Data extract section start
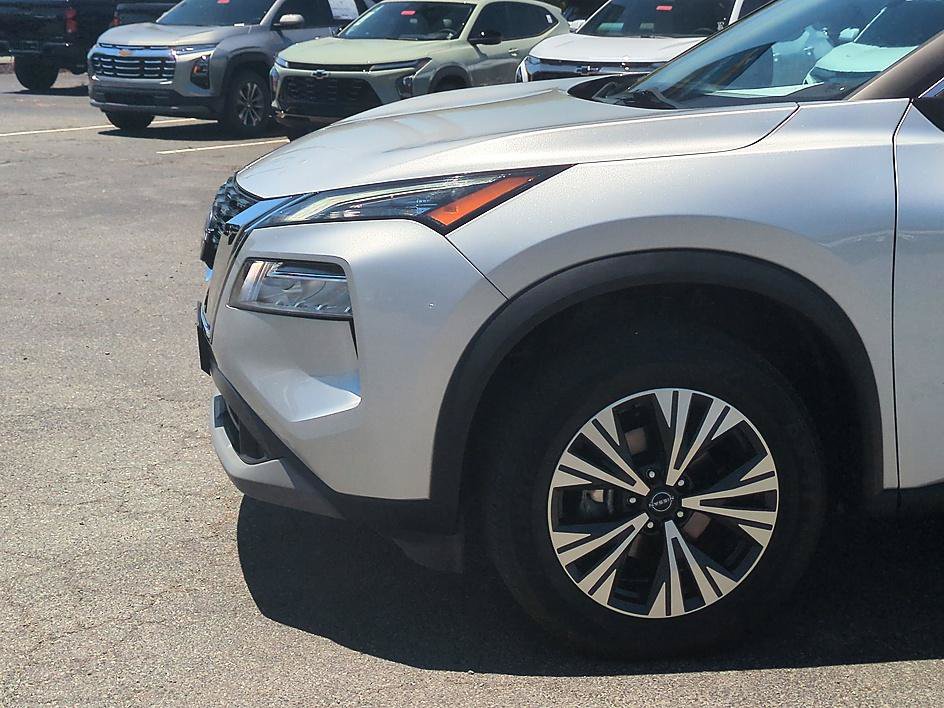 Used 2023 Nissan Rogue SV FWD image 10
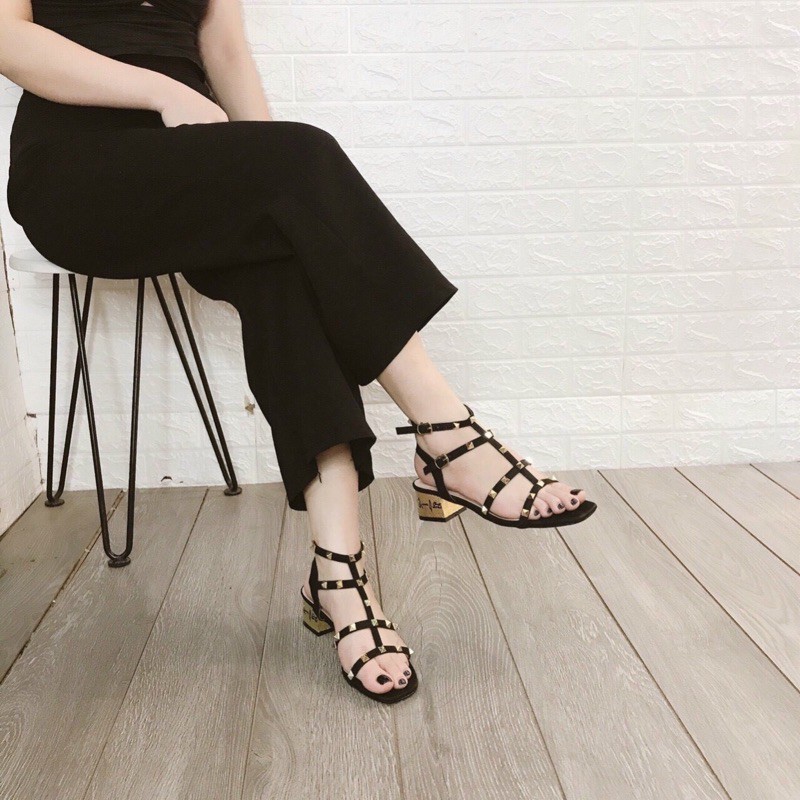 sandal đính đá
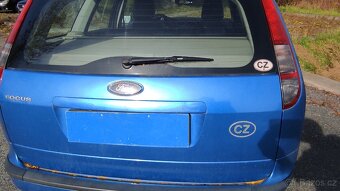 Ford Focus 1,6i Kombi - 18
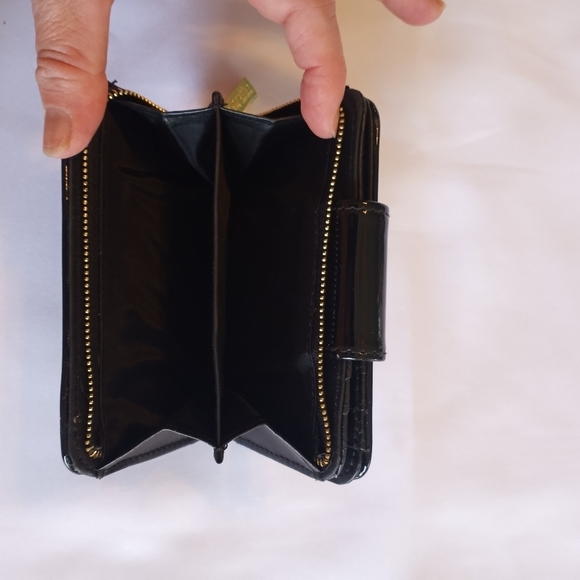 Nanette Lepore, Wallet, Anti Identity Theft, RFID Lined, patented leather Safety - Picture 7 of 8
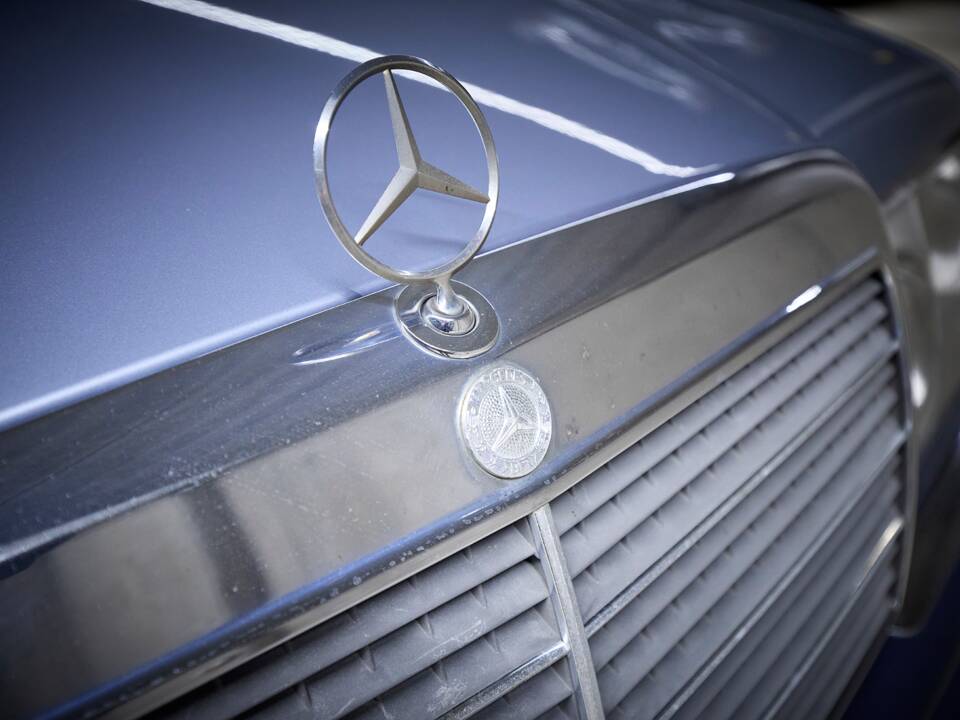 Image 20/100 of Mercedes-Benz 230 TE (1990)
Data extract section end
■ What the exercise asks
Skip every picture and transcribe the data above exactly.

■ Response to the task
 Used 2023 Nissan Rogue SV FWD image 10
 sandal đính đá
 Ford Focus 1,6i Kombi - 18
 Nanette Lepore, Wallet, Anti Identity Theft, RFID Lined, patented leather Safety - Picture 7 of 8
 Image 20/100 of Mercedes-Benz 230 TE (1990)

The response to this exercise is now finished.